T.meta

T.meta: Template metaprogramming (TMP)

Templates provide a general mechanism for compile-time programming.
Metaprogramming is programming where at least one input or one result is a type.
Templates offer Turing-complete (modulo memory capacity) duck typing at compile time. The syntax and techniques needed are pretty horrendous.
T.meta: Template metaprogramming (TMP)

T.120: Use template metaprogramming only when you really need to

Template metaprogramming is hard to get right, slows down compilation, and is often very hard to maintain.
However, there are real-world examples where template metaprogramming provides better performance than any alternative short of expert-level assembly code.
Also, there are real-world examples where template metaprogramming expresses the fundamental ideas better than run-time code.
For example, if you really need AST manipulation at compile time (e.g., for optional matrix operation folding) there might be no other way in C++.
Example, bad: enable_if. Instead, use concepts.

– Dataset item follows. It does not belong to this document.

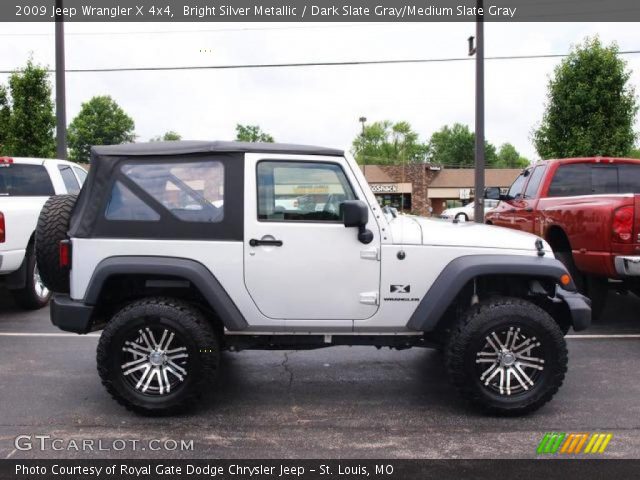 2009 Jeep Wrangler X 4x4 in Bright Silver Metallic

But see How to emulate concepts if you don't have language support.
Alternative: If the result is a value, rather than a type, use a constexpr function.
Note: If you feel the need to hide your template metaprogramming in macros, you have probably gone too far.

T.121: Use template metaprogramming primarily to emulate concepts

Where C++20 is not available, we need to emulate them using TMP.
Use cases that require concepts (e.g. overloading based on concepts) are among the most common (and simple) uses of TMP.

template <typename Iter>
/*requires*/ enable_if<random_access_iterator<Iter>, void>
advance(Iter p, int n) {
    p += n;
}

template <typename Iter>
/*requires*/ enable_if<forward_iterator<Iter>, void>
advance(Iter p, int n) {
    assert(n >= 0);
    while (n--)
        ++p;
}

Note: Such code is much simpler using concepts:

void advance(random_access_iterator auto p, int n) { p += n; }
void advance(forward_iterator auto p, int n) { assert(n >= 0); while (n--) ++p;}

T.122: Use templates (usually template aliases) to compute types at compile time

Template metaprogramming is the only directly supported and half-way principled way of generating types at compile time.
Note: "Traits" techniques are mostly replaced by template aliases to compute types and constexpr functions to compute values.

T.123: Use `constexpr` functions to compute values at compile time

A function is the most obvious and conventional way of expressing the computation of a value.
Often a constexpr function implies less compile-time overhead than alternatives.
Note: "Traits" techniques are mostly replaced by template aliases to compute types and constexpr functions to compute values.

template<typename T>
    // requires Number<T>
constexpr T pow(T v, int n)   // power/exponential
{
    T res = 1;
    while (n--) res *= v;
    return res;
}

constexpr auto f7 = pow(pi, 7);

T.124: Prefer to use standard-library TMP facilities

Facilities defined in the standard, such as conditional, enable_if, and tuple, are portable and can be assumed to be known.

T.125: If you need to go beyond the standard-library TMP facilities, use an existing library

Getting advanced TMP facilities is not easy and using a library makes you part of a (hopefully supportive) community.
Write your own "advanced TMP support" only if you really have to.